10/01/2018

Un Prix Nobel mérité !

Non… je ne vais pas parler du Prix Nobel 2017 de chimie (mérité aussi, bien sûr) du biophysicien de Morges Jacques Dubochet. Mais de celui de littérature, attribué au Britannique d’ascendance japonaise Kazuo Ishiguro. N'ayant jamais entendu parler de lui, j'ai voulu le lire, commençant par son ouvrage Les vestiges du jour).

Je me suis régalé. Histoire du majordome, ordonnateur de la vie d’une grande « Maison » noble anglaise, le Darlington Hall, dans l’Entre-deux guerres. Illustration extraordinaire de cette fonction décrite comme un véritable sacerdoce. Avec la fierté et le flegme voire la raideur que cela inclut.  Pudeur des sentiments que l’on garde hermétiquement pour soi, vis-à-vis des maîtres comme des subordonnés.

Avec aussi la conscience aiguë du fait indiscuté qu’on n’est pas dans la même classe que les maîtres, que, aussi excellent qu’on soit, on est un « domestique » - qui ne saurait exprimer une opinion (ni même avoir une opinion) sur les choses qui, au-dessus de soi, retiennent l’attention du seigneur.

La forme est celle d’un récit de la vie à la propriété de Lord Darlington, par Mr Stevens.

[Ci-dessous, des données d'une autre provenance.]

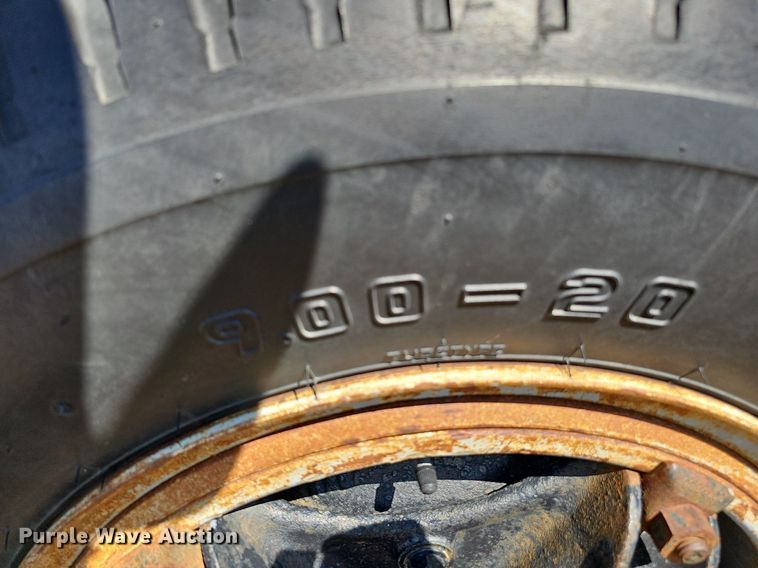 image for item DQ0176 1974 Chevrolet C65  grain truck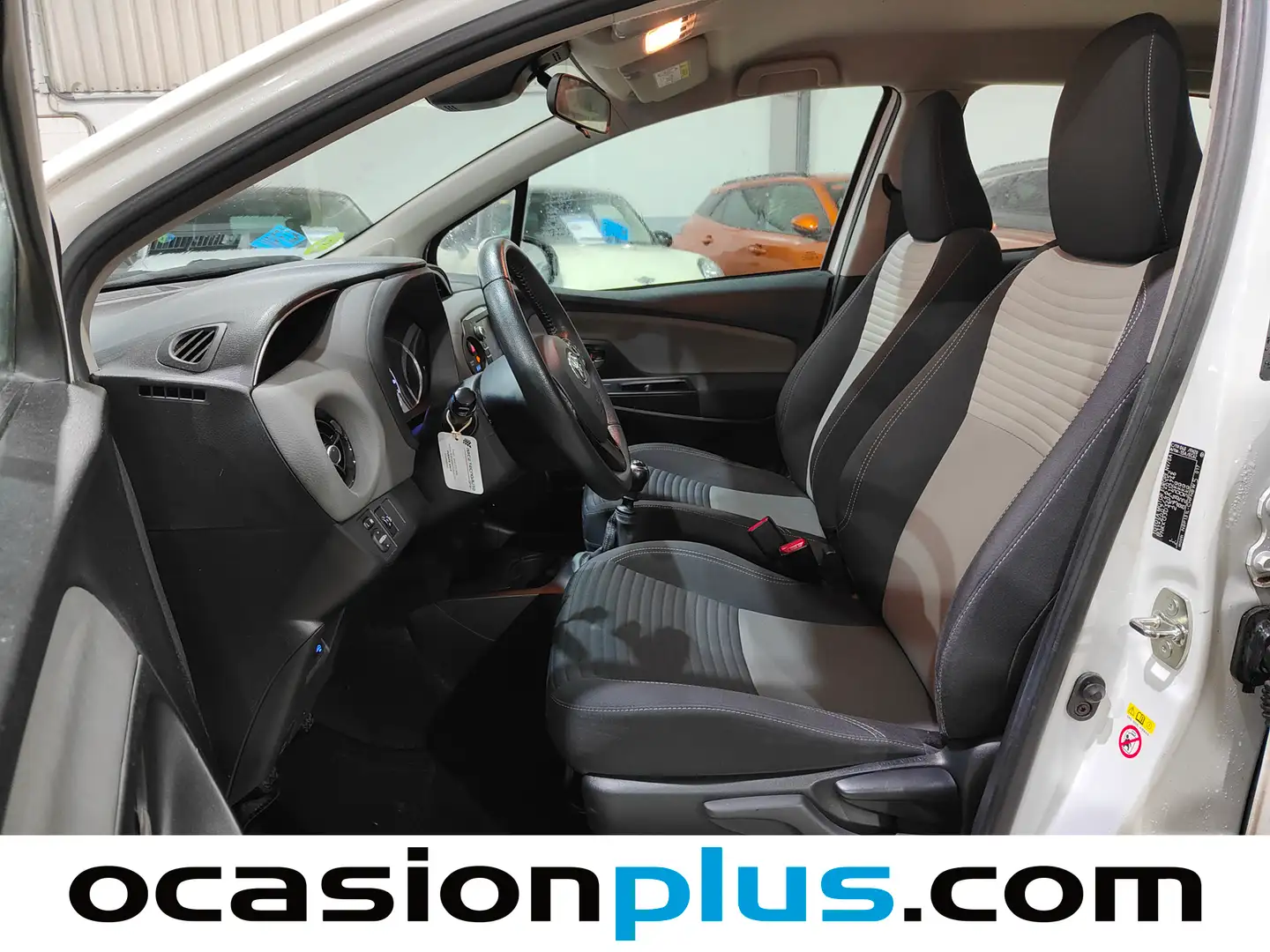 Foto Toyota Yaris Toyota Yaris 1.5 Active Tech (111 CV)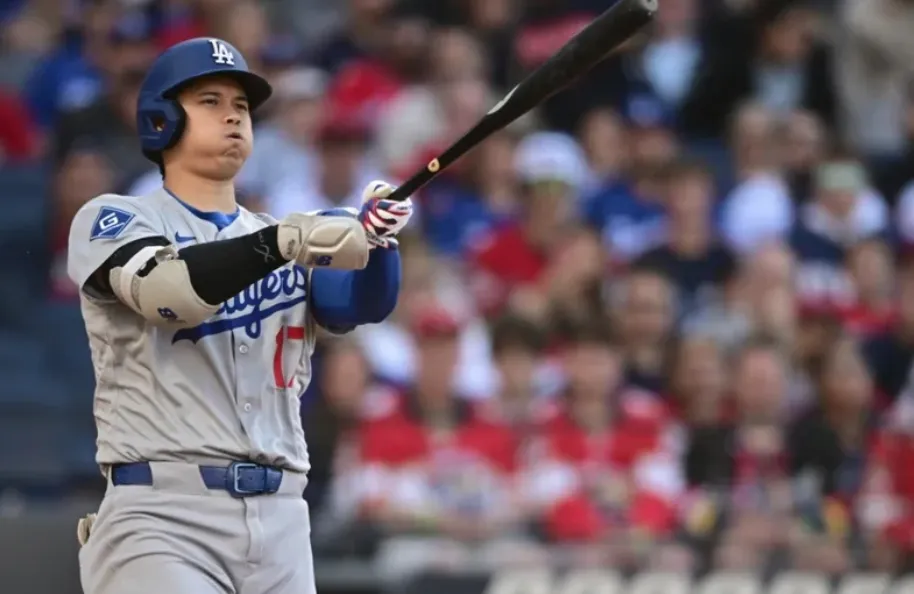 bong-chay-than-thanh-yamamoto-yoshinobu-va-ohtani-shohei-ban-pha-lam-nuc-long-nguoi-ham-mo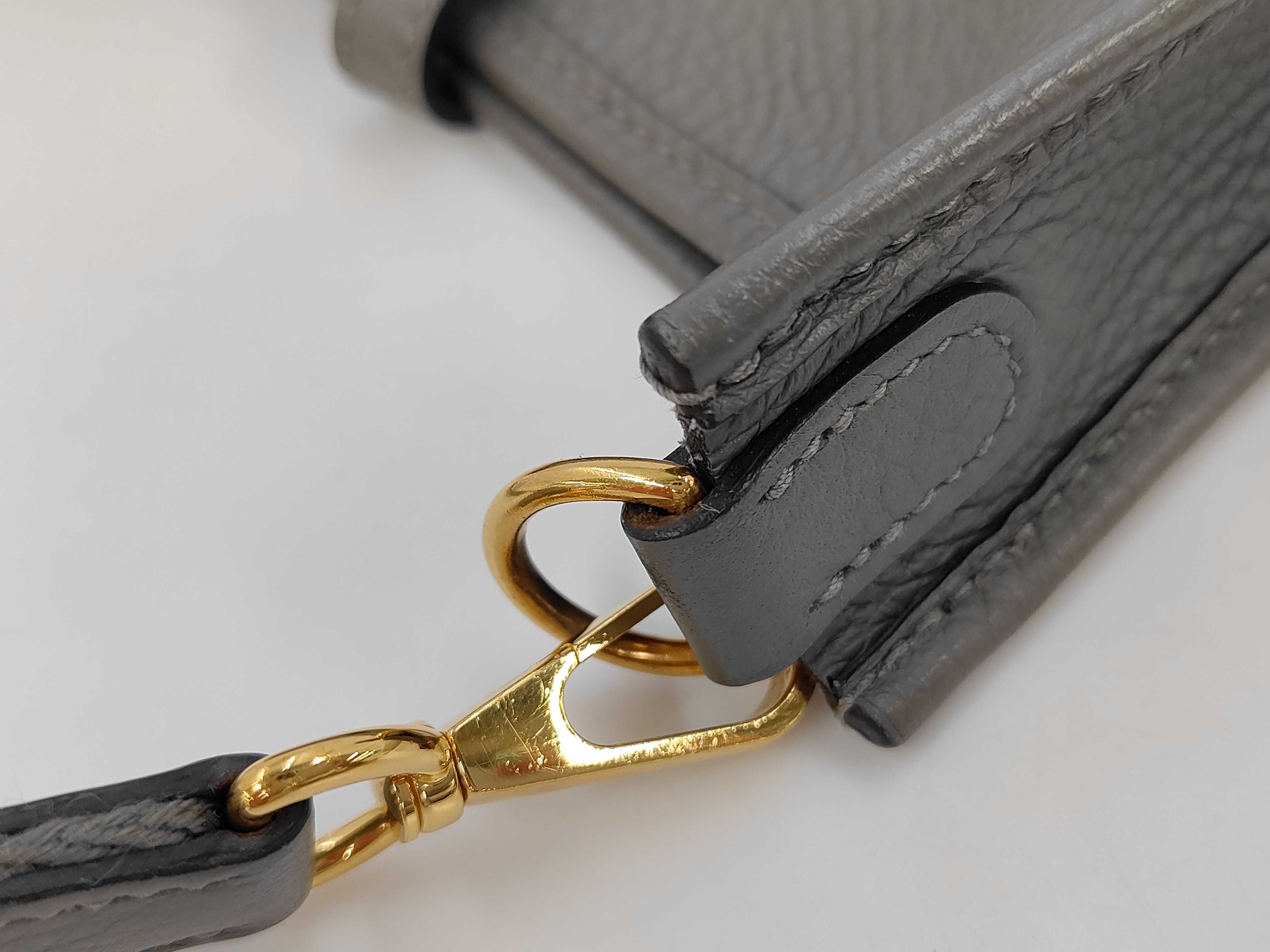 Evelyne Grey B Shoulder Bag — view 7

Il est un majordome et fils de majordome qui entre autres, par respect inconditionnel des règles, sera amené à infliger à son père l’indignité suprême de se voir écarter du service - alors que ce dernier, âgé, fatigué, se rend fautif de quelques inexactitudes. Plus tard, en 1959, alors que la propriété vient d’être achetée par un Américain, Stevens raconte les évènements importants qu’il a (entre-)vus se dérouler au château dans les années 1920-1930. Notamment à propos d’efforts de nobles et politiques anglais en vue d‘établir des liens « constructifs » avec l’Allemagne, blessée par les clauses du traité de Versailles. Efforts qui échouent et jetteront l’opprobre sur ceux qui les ont tentés.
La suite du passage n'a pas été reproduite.